Wednesday, February 19, 2025

Essay: Chilled!

If you live in an old and drafty house, it may take you awhile to realize the furnace isn’t working.


I was feeling a bit chilled at around 9:30 on a recent Wednesday morning, but that wasn’t unusual. It’s winter in Maine. But I checked the thermostat to see if I was justified in cranking it up. I was surprised to see that although it was set at 70 it was only registering 64 degrees.


I reported this fact to my husband, Paul. “The two don’t always match,” he said.


“Six degrees?”


He came to take a look. “Hmmm.”


What was happening? The furnace was on. We went over to the nearest vent. Bent over. It was blowing, all right—cold air.


Paul called our fuel provider. They put us on a list.


I went off to exercise on the indoor cycle, which, I figured, would keep me warm. Paul went out with the dog. As I finished up my ride, I heard a knock at the door. It was two people from the fuel company. Wow, that was fast, I thought.


“We just filled your tank,” one said. “It was empty. Is your furnace off?”


I stared at him. What? In the 30-plus years we’ve lived  in the house, we’ve never run out of oil. The company just comes and fills it up before it’s depleted. I told the delivery guy we had a service call in, but he said he could take a look at the furnace and reset it.


Oh, joy! I couldn’t believe our problem was going to be resolved this easily.


I was miffed that we were having a problem at all. In Late last year, we’d had an extended “checkup” of the furnace that resulted in the addition of a “draft induction” unit. (Don’t ask.) Both operations took hours on separate days and cost quite a chunk of change.


After all that, I figured the furnace should be trouble-free for a few years.


But if the fuel had run out…well, that was another matter to address.


The duo went downstairs and came back a few minutes later. The reset hadn’t worked.


Back to square one.


While we waited for the technician to arrive, Paul set up a space heater in between the living and dining rooms. It was a sunny day, so our tall, south facing windows were keeping things relatively comfortable. We ate our lunch. I was remaining calm and practicing non-resistance.
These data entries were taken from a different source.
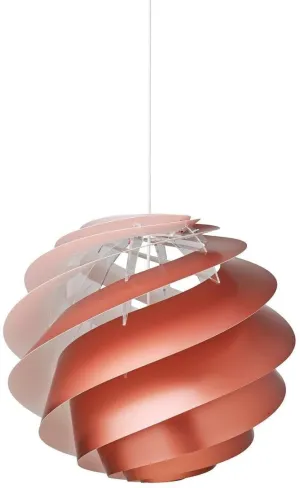 Le Klint Swirl Iii Pendant, Copper ø65 Cm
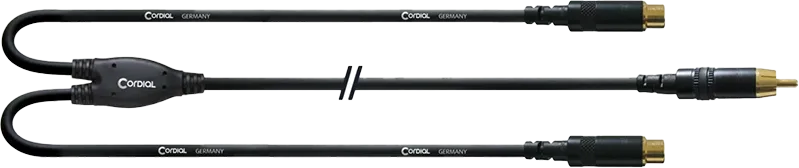 RCA Y Adapter - 2F - 1M Cordial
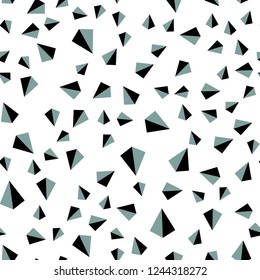Light Blue, Green vector seamless, isometric cover with polygonal style. Triangles on abstract background with colorful gradient. Texture for window blinds, curtains.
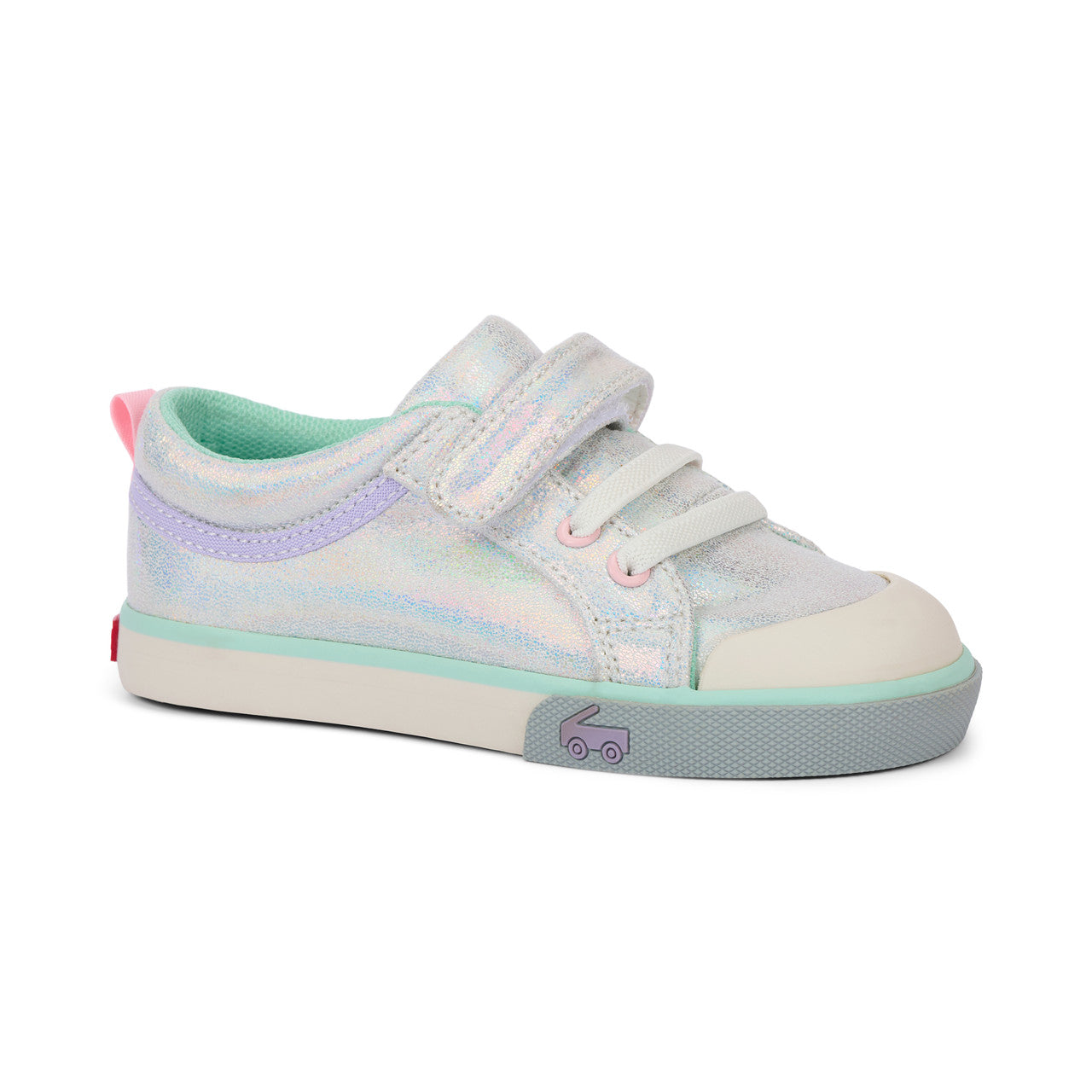 See Kai Run girls Kristin Silver Metallic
I was letting the universe do its work.


Finally a cheerful young man arrived, confident he was going to get us up and going within minutes.


He was wrong.


We could hear him making several calls to HQ. He went out to his truck several times. I was feeling less Zen by the minute. Then he gave us the somber news that he had tried to replace a part in the furnace twice, and had blown both replacements. But he was not giving up!


By now it was time for Paul to take Will on another walk. This was fortuitous, because I had kept sending Paul to the cellar to check on the tech’s progress. Now, on his own, the tech had time to ponder the situation and he figured out what the problem was. It had something to do with the empty oil tank failing to set off an alarm, shorting a circuit.


The solution, however, was back at HQ.


He set off to get the needed part. I decided I needed coffee, so I fired up the Keurig. This shorted the circuit that the space heater was on. Paul reset it. I made my coffee. Then I noticed that the WiFi router—also on the heater/Keurig circuit—was off. I looked at the Bose radio. The clock numbers were blinking. I said, “We did it again!”


The whole house is falling apart, a voice inside my head shrieked.


I wasn’t even trying to be calm at this point.


Back to the cellar Paul went, but the heater/Keurig/router circuit was fine. One of us had dislodged a power strip while unplugging the space heater. And I had not reset the Bose after the actual outage. Of course, if we had blown a circuit again, there would have been no numbers blinking.


The house was not falling apart. The Internet was restored. After resetting the clock, I went back to sitting in my chair with a blanket and my hard-earned coffee.


The tech returned quickly with the part he needed and got the furnace going again. He was quite proud of himself. I could see he took pride in his work, and that made me happy—although not as pleased as I was about the heat being back on.


The furnace hummed merrily along, and soon we were up to a comfortable 70 degrees. Then Paul lit a fire in the woodstove, so we turned the thermostat down to 66. It wouldn’t go on again until we were in bed for the night, around 8:45 p.m. Yup, the furnace goes on at the same time every night, after the woodstove cools down.


Of course, on this night we were on tenterhooks. Would the furnace go on as usual? I lay awake, waiting, thinking of all the times I’d cursed its roar in the night as it woke me from a sound sleep. Never again, I vowed.


The furnace came on. Paul and I cheered. But wait—I hopped out of bed and stood over the hot-air vent to make sure.

Ah, yes, heat. Wonderful heat. If you live in an old and drafty house, you don’t want to live without it.